The Real Responsibility of Leaders in Shaping Culture from Day One
- STUART CARRUTHERS

- Aug 5
- 4 min read
When someone joins your organisation, it’s more than a new role. It’s a new chapter of their life.
They walk through your doors (or log on remotely) with hope, ambition, and energy - but also a fair amount of uncertainty. They’re trying to work out how things really operate, who they can trust, and what success actually looks like.
In those first days and weeks, how they are welcomed, supported, and set up matters more than we often realise. It shapes their sense of belonging. It defines how engaged they feel. And it influences how quickly they can deliver at their best.
This is where so many organisations unintentionally drop the ball.
Onboarding is treated like a checklist. Development programs get deprioritised. The cultural experience is left to chance. And in the rush to chase performance, leaders forget to slow down and ask the most human question:
“What does this actually feel like for the people working here?”
If you want people to perform at their best, you need to take ownership of the environment they’re performing in. That’s not just a leadership choice. It’s a responsibility.

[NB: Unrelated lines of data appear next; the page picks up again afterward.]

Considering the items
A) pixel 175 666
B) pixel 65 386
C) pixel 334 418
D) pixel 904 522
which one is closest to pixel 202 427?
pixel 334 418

Bridging the Gap Between Expectation and Experience
Most companies say they care about their people. They talk about values, development, and culture. But there’s often a significant gap between what leaders think employees experience and what those employees actually feel.

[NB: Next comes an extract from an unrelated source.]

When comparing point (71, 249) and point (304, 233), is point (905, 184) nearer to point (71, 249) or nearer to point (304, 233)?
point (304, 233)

When you speak to people, especially those new to a business, you hear comments like:
“I didn’t really know what success looked like here.” “It felt like I had to figure everything out on my own.” “I wasn’t sure where I belonged, or who to turn to when I needed help.”
These aren’t outliers. They’re common. And they point to a crucial truth: culture isn’t what you say it is… it’s what people experience every day.
When there’s a disconnect between intention and reality, people disengage. They hold back. They look for reasons to leave instead of reasons to stay. And performance suffers.
Stepping Into Their Shoes
One of the most impactful exercises for any leader is to put yourself in your people’s position.
What does it feel like to walk in on day one?
What does it feel like to navigate your culture, with its written and unwritten rules?
What does it feel like to give feedback, raise a concern, or share an idea?
Leaders often assume their teams share their perspective, but you see the organisation from the top down, with context and influence they don’t have.
The most successful leaders I know don’t just push for results. They actively create the conditions that make results possible. They design onboarding programs that build confidence and belonging. They put systems in place to develop their people. They set expectations clearly and create trust by following through.
The Responsibility of Organisations
Creating high-performing teams doesn’t end with hiring great people. It begins there.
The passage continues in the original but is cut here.